ASSIGNED TASK :: Look through the records below for the line with "Thumbnail: 2023 Hyundai Tucson - 10" and the line with "Fender 62 Strat", then return those lines and all lines between, exactly.

DATA SUPPLIED ::
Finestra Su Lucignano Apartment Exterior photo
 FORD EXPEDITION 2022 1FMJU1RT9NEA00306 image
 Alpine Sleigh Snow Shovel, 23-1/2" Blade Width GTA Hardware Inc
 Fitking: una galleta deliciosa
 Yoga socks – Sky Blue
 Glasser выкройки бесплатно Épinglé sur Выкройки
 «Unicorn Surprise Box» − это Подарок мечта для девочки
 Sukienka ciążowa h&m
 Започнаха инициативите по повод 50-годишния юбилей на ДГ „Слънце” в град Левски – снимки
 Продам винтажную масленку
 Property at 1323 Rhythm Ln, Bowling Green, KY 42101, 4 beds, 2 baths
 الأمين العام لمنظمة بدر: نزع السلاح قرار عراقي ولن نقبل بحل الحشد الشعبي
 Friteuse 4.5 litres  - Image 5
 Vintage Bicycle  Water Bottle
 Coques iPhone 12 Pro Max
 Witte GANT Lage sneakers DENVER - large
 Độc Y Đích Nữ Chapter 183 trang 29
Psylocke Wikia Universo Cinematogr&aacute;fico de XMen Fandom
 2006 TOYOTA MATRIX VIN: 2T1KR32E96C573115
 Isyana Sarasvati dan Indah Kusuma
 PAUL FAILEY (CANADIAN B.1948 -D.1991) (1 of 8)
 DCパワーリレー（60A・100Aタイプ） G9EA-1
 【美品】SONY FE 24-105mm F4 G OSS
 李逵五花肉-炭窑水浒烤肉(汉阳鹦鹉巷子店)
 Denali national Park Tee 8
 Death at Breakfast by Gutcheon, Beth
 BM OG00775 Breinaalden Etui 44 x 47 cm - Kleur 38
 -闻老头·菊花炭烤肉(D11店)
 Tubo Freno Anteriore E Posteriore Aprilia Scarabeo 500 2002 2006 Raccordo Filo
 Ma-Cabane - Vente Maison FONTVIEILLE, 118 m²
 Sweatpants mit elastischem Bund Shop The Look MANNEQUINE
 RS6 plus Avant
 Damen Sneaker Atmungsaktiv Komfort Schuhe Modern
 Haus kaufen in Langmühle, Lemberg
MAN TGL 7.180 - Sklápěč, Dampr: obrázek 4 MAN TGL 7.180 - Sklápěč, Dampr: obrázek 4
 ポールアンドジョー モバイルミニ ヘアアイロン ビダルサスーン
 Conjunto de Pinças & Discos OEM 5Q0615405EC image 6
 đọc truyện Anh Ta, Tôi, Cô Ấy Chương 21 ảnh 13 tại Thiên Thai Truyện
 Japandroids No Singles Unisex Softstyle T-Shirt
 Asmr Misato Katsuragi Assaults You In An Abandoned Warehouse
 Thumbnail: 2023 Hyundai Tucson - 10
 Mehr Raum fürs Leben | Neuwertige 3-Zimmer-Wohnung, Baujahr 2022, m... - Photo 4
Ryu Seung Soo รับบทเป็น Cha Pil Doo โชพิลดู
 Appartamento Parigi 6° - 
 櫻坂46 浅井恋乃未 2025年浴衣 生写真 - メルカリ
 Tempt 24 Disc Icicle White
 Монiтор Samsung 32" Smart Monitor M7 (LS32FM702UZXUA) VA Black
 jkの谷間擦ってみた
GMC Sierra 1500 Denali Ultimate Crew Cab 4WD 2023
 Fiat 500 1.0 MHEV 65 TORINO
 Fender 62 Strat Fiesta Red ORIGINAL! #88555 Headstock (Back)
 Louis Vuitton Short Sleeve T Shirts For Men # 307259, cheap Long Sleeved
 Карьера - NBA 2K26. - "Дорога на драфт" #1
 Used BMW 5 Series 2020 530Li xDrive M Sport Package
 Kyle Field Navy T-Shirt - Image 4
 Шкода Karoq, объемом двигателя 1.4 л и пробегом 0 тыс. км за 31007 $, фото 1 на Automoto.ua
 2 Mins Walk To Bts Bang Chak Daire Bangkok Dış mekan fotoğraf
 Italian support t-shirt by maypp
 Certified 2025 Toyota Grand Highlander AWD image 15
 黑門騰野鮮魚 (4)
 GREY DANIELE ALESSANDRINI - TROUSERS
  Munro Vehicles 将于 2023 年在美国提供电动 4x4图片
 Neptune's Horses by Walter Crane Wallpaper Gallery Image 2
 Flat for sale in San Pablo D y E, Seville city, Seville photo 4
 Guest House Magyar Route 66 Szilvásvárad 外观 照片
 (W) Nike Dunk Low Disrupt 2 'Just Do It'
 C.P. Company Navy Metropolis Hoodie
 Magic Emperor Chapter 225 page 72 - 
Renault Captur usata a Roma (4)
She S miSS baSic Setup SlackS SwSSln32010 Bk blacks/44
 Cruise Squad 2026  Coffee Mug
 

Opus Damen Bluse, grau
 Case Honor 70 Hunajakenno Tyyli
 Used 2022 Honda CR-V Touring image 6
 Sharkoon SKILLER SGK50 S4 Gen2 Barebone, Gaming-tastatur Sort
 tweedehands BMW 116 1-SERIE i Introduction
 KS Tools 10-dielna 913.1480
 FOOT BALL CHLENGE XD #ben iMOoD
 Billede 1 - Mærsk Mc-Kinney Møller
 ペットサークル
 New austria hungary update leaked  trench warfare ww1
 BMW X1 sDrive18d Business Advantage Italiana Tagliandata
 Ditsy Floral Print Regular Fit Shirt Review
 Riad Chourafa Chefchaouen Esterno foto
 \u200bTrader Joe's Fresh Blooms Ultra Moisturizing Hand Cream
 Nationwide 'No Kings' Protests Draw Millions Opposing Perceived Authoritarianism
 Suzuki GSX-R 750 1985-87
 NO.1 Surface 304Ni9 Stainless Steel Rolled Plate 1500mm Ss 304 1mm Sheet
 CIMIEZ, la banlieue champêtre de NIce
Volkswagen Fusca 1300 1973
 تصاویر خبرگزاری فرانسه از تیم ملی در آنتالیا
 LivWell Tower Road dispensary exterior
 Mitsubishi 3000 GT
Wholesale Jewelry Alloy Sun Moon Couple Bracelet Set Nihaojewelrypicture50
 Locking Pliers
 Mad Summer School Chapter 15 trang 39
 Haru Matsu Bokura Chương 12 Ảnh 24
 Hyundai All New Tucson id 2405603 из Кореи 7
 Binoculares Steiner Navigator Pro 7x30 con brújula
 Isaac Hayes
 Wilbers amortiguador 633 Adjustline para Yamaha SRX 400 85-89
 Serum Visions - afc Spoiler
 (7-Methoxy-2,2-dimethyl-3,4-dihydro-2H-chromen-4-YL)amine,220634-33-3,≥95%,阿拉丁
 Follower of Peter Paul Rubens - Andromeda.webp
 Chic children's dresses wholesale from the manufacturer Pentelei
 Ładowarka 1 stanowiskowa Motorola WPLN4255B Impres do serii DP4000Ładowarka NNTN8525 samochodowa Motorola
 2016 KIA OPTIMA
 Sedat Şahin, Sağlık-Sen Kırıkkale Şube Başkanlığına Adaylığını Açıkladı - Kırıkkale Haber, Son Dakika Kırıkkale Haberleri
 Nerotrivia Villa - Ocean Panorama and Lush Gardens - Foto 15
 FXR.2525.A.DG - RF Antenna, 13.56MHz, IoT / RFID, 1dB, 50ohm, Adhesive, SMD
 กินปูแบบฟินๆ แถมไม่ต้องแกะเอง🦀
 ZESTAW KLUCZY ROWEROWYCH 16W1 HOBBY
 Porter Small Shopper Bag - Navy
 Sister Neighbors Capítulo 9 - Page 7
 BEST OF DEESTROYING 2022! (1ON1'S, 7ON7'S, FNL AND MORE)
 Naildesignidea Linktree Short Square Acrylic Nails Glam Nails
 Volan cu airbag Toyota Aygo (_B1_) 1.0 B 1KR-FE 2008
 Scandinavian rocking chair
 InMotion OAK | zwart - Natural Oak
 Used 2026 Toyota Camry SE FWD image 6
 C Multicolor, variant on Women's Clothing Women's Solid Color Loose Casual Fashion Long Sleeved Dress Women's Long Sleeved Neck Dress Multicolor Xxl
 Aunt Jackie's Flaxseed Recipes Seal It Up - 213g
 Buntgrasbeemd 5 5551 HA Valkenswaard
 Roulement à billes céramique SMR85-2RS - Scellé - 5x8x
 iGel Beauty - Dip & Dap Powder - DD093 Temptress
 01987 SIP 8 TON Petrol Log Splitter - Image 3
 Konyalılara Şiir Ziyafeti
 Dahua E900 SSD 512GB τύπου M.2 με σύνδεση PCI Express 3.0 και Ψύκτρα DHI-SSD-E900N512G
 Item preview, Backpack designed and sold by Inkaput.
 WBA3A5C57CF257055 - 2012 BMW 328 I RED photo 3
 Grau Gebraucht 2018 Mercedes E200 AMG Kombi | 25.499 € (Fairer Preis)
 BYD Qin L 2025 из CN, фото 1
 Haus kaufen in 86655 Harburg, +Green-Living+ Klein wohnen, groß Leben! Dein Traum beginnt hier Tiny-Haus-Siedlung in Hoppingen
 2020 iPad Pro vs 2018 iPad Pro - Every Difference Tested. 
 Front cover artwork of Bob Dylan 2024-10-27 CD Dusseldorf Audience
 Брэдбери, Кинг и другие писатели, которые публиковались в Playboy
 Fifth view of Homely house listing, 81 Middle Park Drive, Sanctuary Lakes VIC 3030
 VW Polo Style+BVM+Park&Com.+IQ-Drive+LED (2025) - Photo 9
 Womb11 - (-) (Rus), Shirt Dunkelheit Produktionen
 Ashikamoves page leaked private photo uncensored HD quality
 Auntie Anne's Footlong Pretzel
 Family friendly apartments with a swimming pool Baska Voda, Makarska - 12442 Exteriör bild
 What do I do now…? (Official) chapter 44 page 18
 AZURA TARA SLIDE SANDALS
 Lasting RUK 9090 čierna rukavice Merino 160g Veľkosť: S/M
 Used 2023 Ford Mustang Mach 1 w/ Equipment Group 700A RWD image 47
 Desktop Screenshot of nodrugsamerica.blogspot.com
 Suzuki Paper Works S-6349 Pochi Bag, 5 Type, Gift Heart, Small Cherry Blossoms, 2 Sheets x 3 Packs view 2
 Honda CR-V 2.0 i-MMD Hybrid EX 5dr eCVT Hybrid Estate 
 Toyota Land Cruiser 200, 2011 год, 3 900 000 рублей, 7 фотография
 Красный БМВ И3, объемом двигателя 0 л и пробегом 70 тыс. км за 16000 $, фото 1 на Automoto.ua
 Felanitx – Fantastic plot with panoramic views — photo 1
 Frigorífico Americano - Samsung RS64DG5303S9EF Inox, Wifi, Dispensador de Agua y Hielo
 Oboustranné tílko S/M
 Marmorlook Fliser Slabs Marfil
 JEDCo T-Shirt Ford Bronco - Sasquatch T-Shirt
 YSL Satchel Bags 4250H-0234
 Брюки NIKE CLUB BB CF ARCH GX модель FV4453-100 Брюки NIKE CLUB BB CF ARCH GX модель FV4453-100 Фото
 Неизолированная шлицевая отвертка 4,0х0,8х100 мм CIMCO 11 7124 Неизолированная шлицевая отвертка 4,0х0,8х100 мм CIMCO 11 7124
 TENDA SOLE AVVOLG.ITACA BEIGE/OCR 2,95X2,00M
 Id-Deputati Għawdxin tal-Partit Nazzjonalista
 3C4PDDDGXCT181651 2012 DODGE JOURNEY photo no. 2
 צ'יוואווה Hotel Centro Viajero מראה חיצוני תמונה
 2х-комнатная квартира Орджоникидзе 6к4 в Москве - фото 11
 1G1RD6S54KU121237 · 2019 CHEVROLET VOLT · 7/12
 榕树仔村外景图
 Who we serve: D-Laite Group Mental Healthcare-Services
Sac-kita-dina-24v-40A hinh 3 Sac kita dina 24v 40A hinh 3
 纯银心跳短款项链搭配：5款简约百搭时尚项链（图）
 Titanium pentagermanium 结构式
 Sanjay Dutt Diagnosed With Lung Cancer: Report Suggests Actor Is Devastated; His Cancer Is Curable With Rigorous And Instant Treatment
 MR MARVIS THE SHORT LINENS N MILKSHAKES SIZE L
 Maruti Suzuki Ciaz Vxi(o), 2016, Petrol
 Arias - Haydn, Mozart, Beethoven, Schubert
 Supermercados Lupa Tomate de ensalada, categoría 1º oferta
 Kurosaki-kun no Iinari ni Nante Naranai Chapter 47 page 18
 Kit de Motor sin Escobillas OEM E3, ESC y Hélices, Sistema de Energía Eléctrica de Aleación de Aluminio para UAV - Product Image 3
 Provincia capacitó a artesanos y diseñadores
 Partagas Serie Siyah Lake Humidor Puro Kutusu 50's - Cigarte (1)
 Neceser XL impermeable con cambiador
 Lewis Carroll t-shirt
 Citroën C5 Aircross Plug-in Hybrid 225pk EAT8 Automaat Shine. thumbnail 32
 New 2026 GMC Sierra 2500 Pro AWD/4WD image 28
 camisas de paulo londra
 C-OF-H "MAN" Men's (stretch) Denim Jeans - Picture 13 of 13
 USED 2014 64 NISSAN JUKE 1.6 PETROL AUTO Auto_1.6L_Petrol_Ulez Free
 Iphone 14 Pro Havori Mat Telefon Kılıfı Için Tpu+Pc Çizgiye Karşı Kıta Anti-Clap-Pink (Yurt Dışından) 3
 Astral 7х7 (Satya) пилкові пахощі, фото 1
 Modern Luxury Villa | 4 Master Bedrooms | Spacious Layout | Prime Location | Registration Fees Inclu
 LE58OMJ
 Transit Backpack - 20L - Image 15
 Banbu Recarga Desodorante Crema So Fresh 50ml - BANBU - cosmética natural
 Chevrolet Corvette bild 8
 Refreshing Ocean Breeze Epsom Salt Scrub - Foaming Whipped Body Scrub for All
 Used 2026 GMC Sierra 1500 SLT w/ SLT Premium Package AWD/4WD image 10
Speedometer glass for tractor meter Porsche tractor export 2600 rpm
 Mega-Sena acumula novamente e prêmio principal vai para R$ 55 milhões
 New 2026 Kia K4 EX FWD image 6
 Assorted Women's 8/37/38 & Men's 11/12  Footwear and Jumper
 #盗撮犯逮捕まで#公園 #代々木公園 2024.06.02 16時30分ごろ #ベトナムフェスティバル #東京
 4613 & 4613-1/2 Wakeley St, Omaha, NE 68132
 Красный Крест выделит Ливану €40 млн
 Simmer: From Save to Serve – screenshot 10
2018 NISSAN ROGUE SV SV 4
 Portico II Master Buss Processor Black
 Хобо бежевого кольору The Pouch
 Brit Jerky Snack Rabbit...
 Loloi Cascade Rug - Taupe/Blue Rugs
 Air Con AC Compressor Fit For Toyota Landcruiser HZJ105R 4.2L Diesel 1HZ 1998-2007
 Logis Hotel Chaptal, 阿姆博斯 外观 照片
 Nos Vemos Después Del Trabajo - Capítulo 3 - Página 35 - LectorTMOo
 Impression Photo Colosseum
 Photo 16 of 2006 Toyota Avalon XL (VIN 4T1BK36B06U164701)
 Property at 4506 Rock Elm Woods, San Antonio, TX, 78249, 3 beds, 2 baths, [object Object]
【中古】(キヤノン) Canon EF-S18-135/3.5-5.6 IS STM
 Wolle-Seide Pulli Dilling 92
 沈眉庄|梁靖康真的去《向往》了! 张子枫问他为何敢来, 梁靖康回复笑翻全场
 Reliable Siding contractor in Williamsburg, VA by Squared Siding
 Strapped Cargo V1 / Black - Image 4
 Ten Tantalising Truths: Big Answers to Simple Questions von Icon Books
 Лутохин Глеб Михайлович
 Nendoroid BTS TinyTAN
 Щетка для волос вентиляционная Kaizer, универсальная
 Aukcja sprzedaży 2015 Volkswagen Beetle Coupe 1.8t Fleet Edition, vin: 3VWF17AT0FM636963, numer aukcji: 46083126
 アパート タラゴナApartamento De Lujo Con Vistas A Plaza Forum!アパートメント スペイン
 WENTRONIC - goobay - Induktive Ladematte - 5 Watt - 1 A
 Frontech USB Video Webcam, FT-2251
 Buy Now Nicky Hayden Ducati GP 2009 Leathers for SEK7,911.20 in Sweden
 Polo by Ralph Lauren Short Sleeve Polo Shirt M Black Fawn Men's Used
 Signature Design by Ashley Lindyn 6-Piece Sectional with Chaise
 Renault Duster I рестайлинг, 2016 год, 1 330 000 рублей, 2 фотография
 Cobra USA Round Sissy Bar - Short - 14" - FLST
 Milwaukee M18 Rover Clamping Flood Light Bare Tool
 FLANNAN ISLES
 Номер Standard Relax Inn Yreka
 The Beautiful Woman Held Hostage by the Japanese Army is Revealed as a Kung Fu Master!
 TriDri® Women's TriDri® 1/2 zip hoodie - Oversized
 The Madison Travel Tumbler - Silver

ANSWER TO THIS EXERCISE ::
 Thumbnail: 2023 Hyundai Tucson - 10
 Mehr Raum fürs Leben | Neuwertige 3-Zimmer-Wohnung, Baujahr 2022, m... - Photo 4
Ryu Seung Soo รับบทเป็น Cha Pil Doo โชพิลดู
 Appartamento Parigi 6° - 
 櫻坂46 浅井恋乃未 2025年浴衣 生写真 - メルカリ
 Tempt 24 Disc Icicle White
 Монiтор Samsung 32" Smart Monitor M7 (LS32FM702UZXUA) VA Black
 jkの谷間擦ってみた
GMC Sierra 1500 Denali Ultimate Crew Cab 4WD 2023
 Fiat 500 1.0 MHEV 65 TORINO
 Fender 62 Strat Fiesta Red ORIGINAL! #88555 Headstock (Back)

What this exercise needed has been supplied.